The ALJ likewise found that, although Plaintiff's medically determinable impairments could reasonably be expected to cause some of the alleged systems, her statements concerning the intensity, persistence, and limiting effects of the symptoms were not entirely credible. (Tr. 28, PAGEID #: 62). Specifically, the ALJ found that the objective medical evidence undermined Plaintiff's credibility concerning, inter alia, her chronic pain. (Tr. 29, PAGEID #: 63). To that end, the ALJ stated:
While the record suggests that the claimant has some legitimate issues with chronic pain, treatment records are inconsistent with the level of severity she has reported. Dr. Leon Margolin, a pain management physician, has been the claimant's main source of treatment for her complaints of chronic pain from late 2012 through the present (See Exhibits 6F; 20F; 21F; 22F; 23F; 24F). This treatment has consisted of injection-based therapies and a regimen of pain medications—including narcotic pain relievers—that has remained largely unchanged for the past couple years. (See id). Notes from Dr. Margolin indicate that this treatment regimen has been rather successful in mediating the claimant's pain with the claimant typically reporting average pain levels between 2 to 4 out of 10—i.e., mild to moderate pain—at least until August 2015 (See id.).(Tr. 29-30, PAGEID #: 63-64) (footnote omitted). The ALJ likewise found that non-medical evidence undermined Plaintiff's credibility, stating:
The claimant began reporting a minimal increase in her pain levels (3 to 5 out of 10) around September 2015, although there are no intervening issues that clearly explain this reported increase in pain. (See Exhibit 24F). In addition, Dr. Margolin's treatment records repeatedly indicate that she denied side effects from her medications despite claiming she had a number of adverse side effects at the hearing (See Exhibits 6F; 20F; 21F; 22F; 23F; 24F)
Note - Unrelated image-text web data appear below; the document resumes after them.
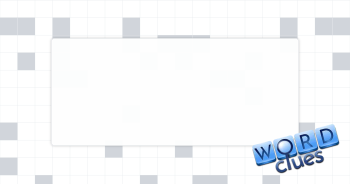 Popular soup Crossword Clue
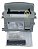 Allen Bradley 2085-iq32t Module 32point 12/24vdc Sink/source - Imagem 4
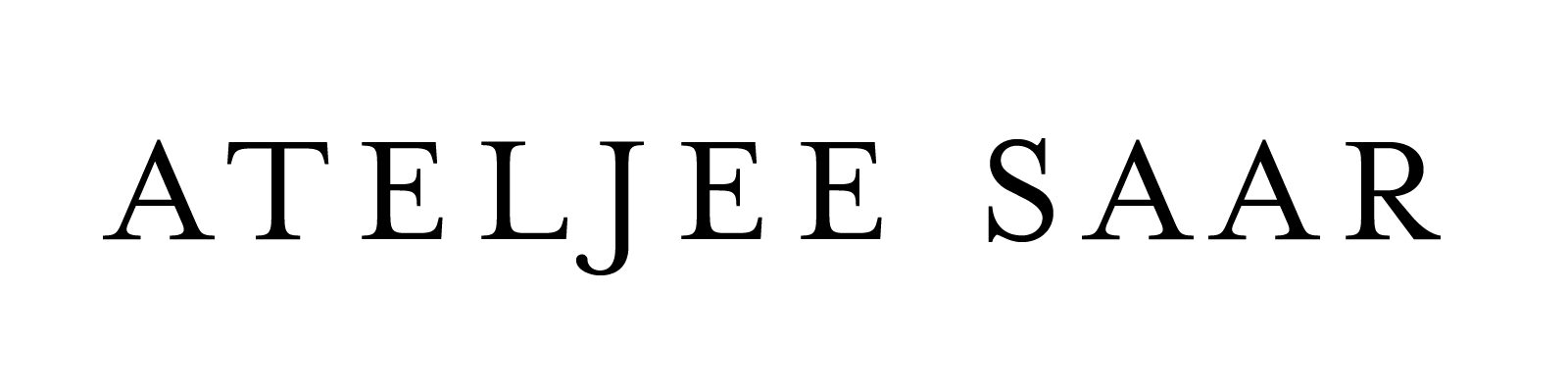 Ateljee Saar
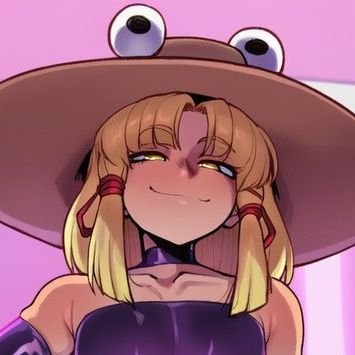 Skyblublue1's profile picture. solo soy un chico que se viste de mujer 
y me gusta ir al gimnasio y de favor no pregunten por encuentros si la respuesta es NO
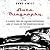 Auto Biography: A Classic Car, an Outlaw Motorhead, and 57 Years of the American Dream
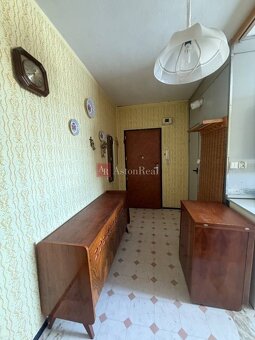 89.000€ za 1i byt v centre Piešťan - 4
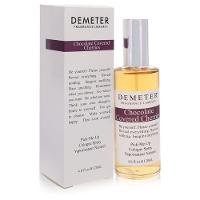 Perfume Feminino Demeter 120 Ml Cologne Spray - 1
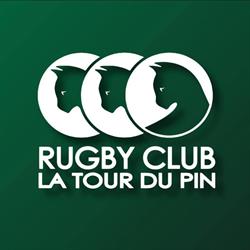 Rugby Club des Vallons de la Tour (RCVT), La Tour-du-Pin - Horaires d'ouverture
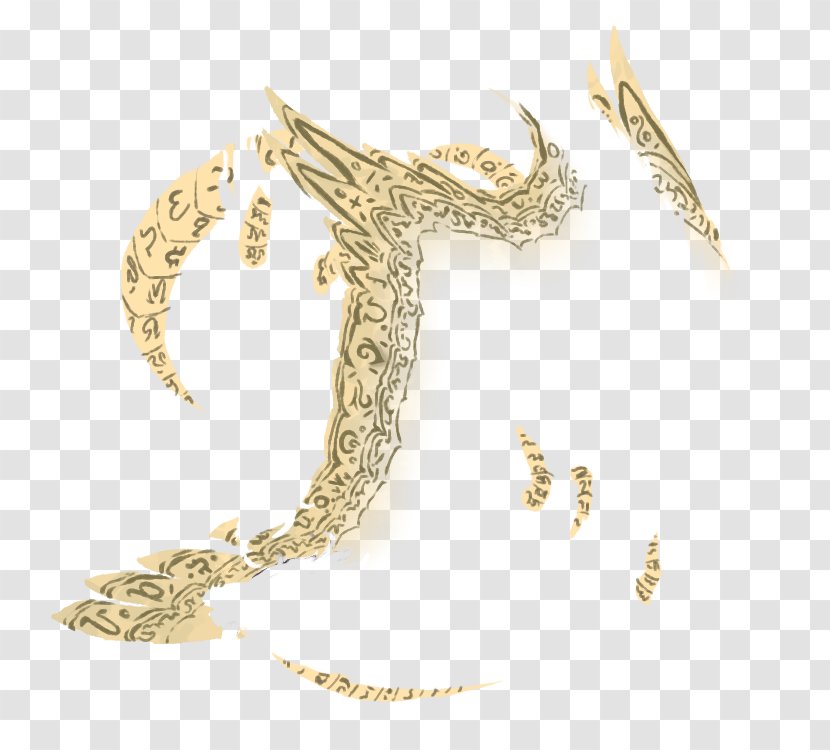 Earring Body Jewellery Gold Necklace Transparent PNG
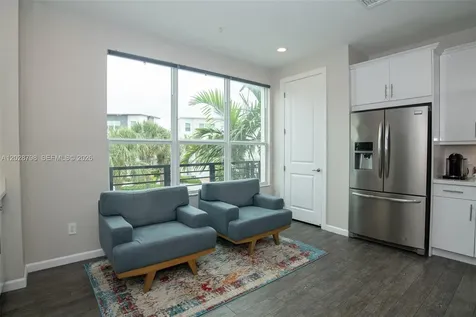 2900 NE 12th Terrace Oakland Park FL 33334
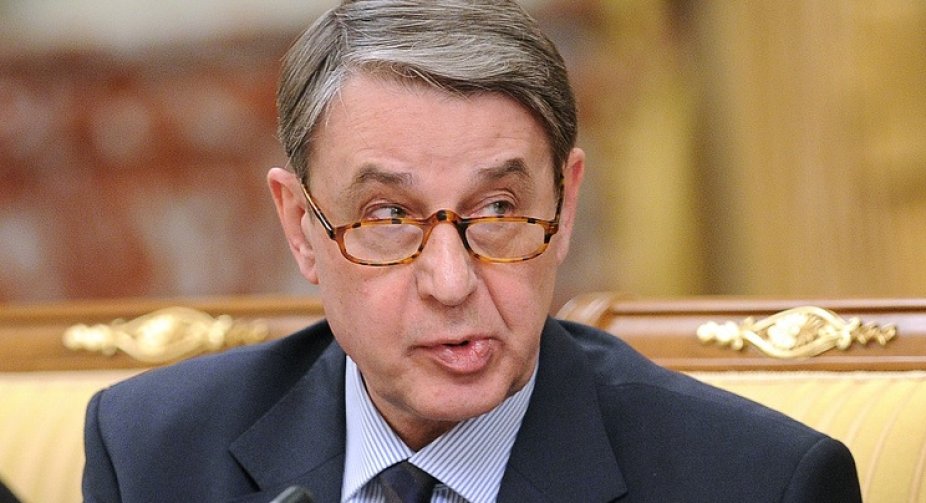 РФ висловила офіційний протест після слів Папи Римського про звірства бурятів та чеченців в Україні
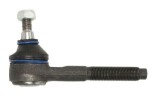 REINHOCH Rooliots RH01-2065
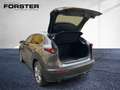 Mazda CX-30 /G122/AWD/COMF/SO/ST Head-Up RFK Navi SHZ Gris - thumbnail 4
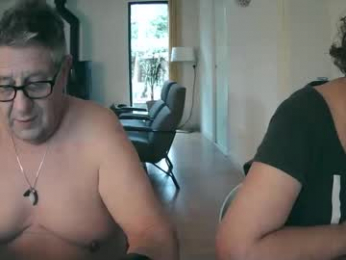 woodwurm webcam model stream image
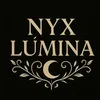 nyxlumina.v
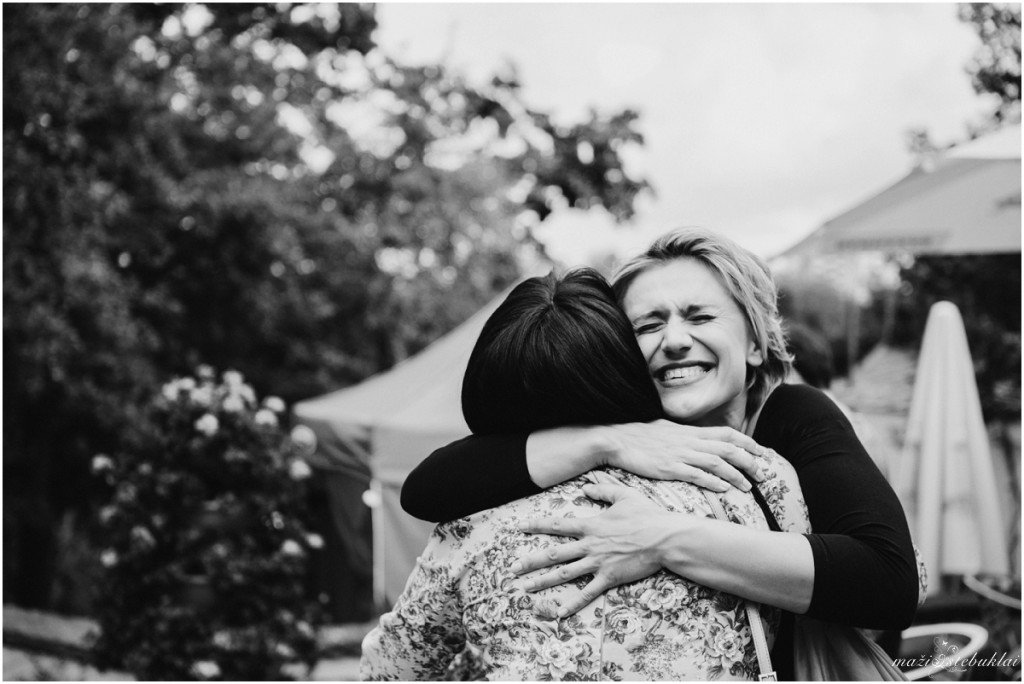 Vestuvinė fotosesija Kaune / Kristina & Alex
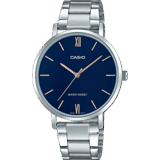 Casıo LTP-VT01D-2BUDF — Часы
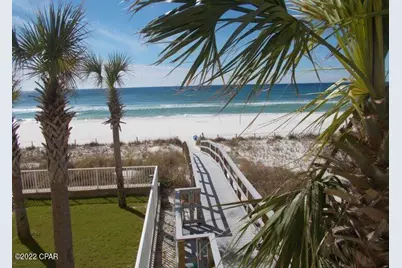 14415 Front Beach Road #1501, Panama City Beach, FL 32413 - Photo 9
Another reason that claimant's allegations are not entirely credible is that evidence indicates that she has maintained a significant level of activity since her alleged onset date. Although the claimant alleged she was quite limited at the hearing, her initial reports indicated that she handled meal preparation for her husband and three teenage children, did laundry for her family, washed dishes, drove her children to and from school on a daily basis, shopped for groceries once per week, took care of pet dogs, and maintained her personal care without difficulty (Exhibits 4E; 9E; 4F, p. 1; 9F, p. 1-2, 4). There are also references to the claimant driving 2.5 hours at least once per month when visiting Dr. Margolin despite testifying that she drives only short distances. (See Exhibit 10F, p. 8-9). Several sources, including the claimant's own written reports, also note that the claimant attends her children's sports practices and/or games and other social events in spite of her testimony that she does not engage in such activities (Exhibits 4E, p. 5; 9E, p. 8; 14F, p. 6-7). When the claimant first pursued mental health care in mid-2014, she stated she enjoys engaging in water sports and dancing (Exhibit 11F, p. 8). Multiple medical providers have observed that the claimant appears "very tan" during summer months, which, at the very least, conflicts with her testimony indicating she spends the vast majority of her day sitting or lying down on her couch (See, e.g., Exhibits 10F, p. 4-5; 14F, p. 4-7).(Tr. 30-31, PAGEID #: 64-65) (footnote omitted).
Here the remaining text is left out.